──────── Materials provided

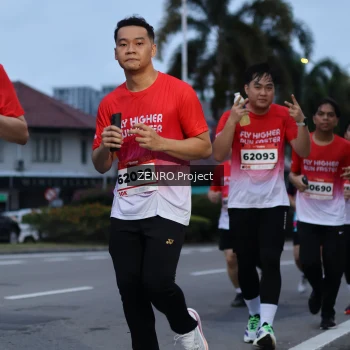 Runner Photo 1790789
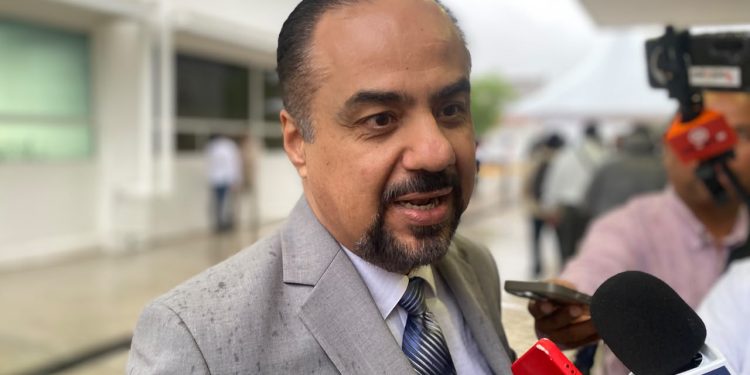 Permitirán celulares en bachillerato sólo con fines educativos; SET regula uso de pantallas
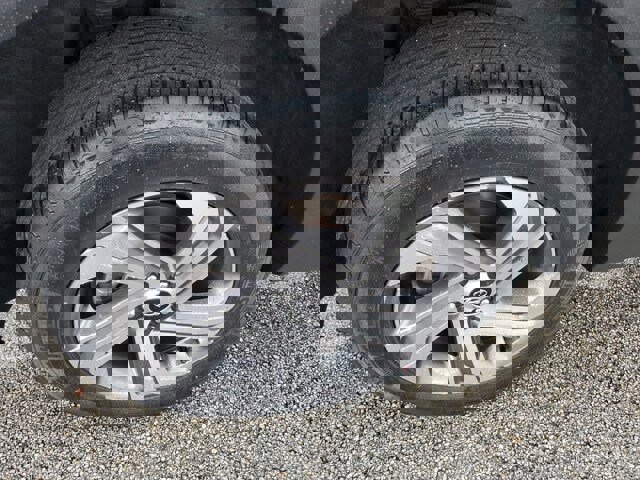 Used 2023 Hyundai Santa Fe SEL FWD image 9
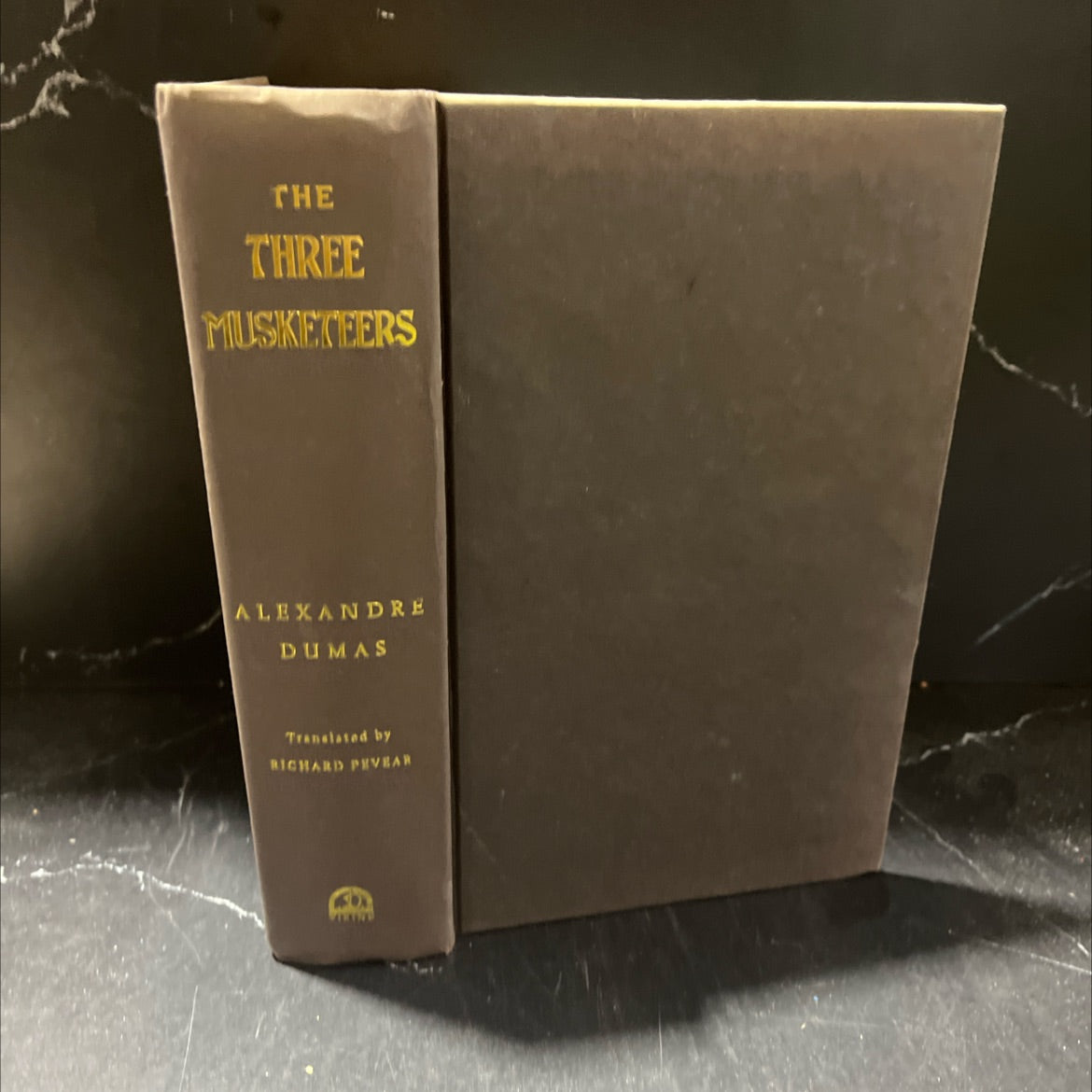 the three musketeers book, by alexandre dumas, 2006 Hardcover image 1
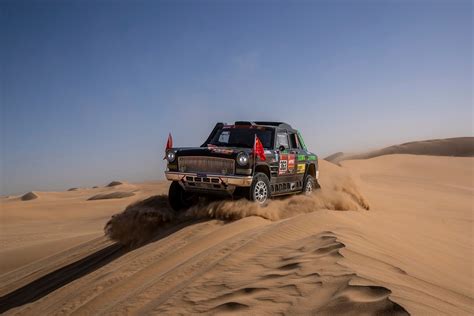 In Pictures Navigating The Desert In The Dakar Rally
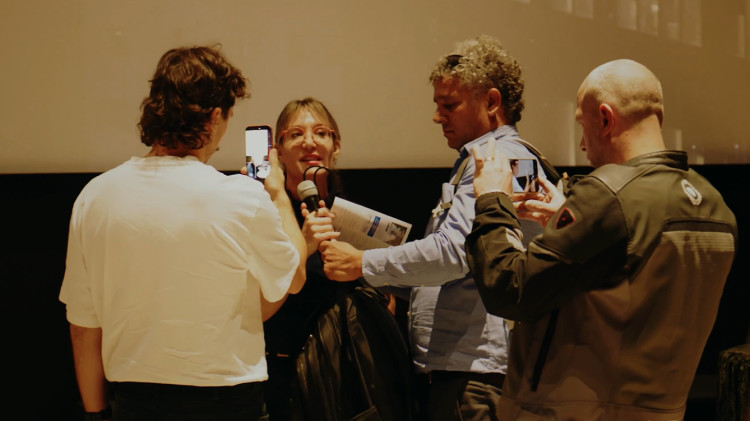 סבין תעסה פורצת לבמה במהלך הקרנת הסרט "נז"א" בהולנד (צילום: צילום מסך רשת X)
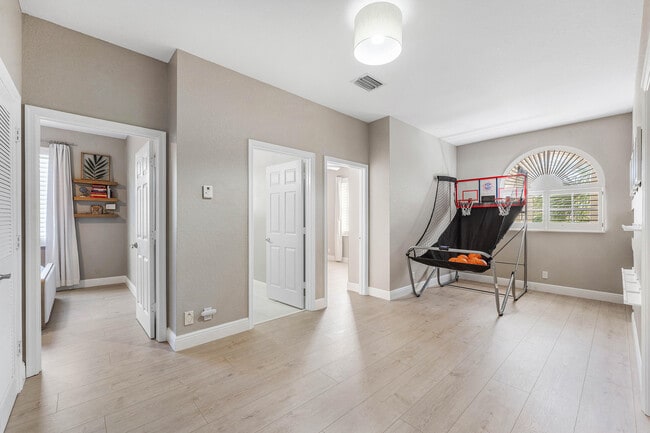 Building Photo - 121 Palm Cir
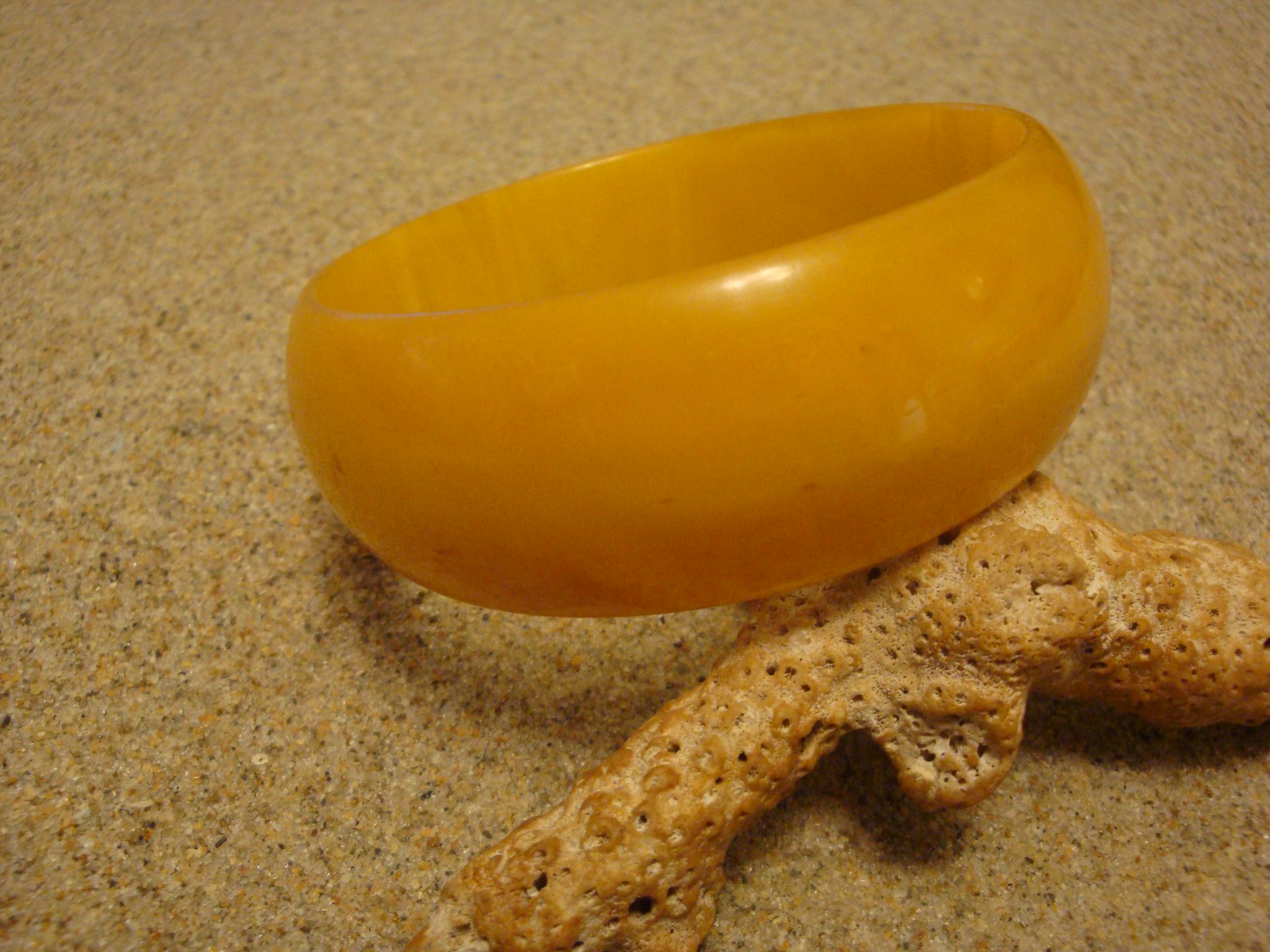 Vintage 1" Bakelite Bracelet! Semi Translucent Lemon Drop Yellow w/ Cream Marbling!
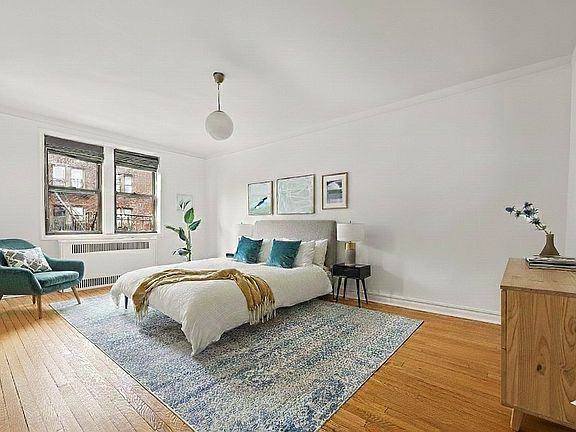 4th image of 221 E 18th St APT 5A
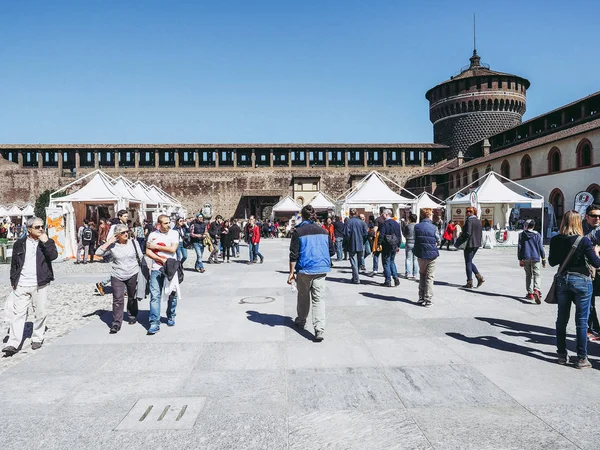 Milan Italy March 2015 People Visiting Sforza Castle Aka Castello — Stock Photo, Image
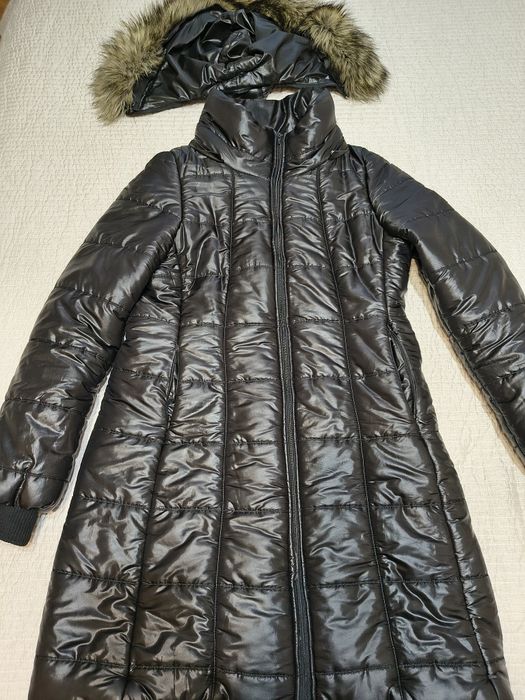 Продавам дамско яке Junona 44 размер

────────────────

* [Task] Write the entries out again exactly as they appear, with the pictures omitted.

* [Exercise answer]
 Runner Photo 1790789
 Permitirán celulares en bachillerato sólo con fines educativos; SET regula uso de pantallas
 Used 2023 Hyundai Santa Fe SEL FWD image 9
 the three musketeers book, by alexandre dumas, 2006 Hardcover image 1
 In Pictures Navigating The Desert In The Dakar Rally
 סבין תעסה פורצת לבמה במהלך הקרנת הסרט "נז"א" בהולנד (צילום: צילום מסך רשת X)
 Building Photo - 121 Palm Cir
 Vintage 1" Bakelite Bracelet! Semi Translucent Lemon Drop Yellow w/ Cream Marbling!
 4th image of 221 E 18th St APT 5A
 Milan Italy March 2015 People Visiting Sforza Castle Aka Castello — Stock Photo, Image
 Продавам дамско яке Junona 44 размер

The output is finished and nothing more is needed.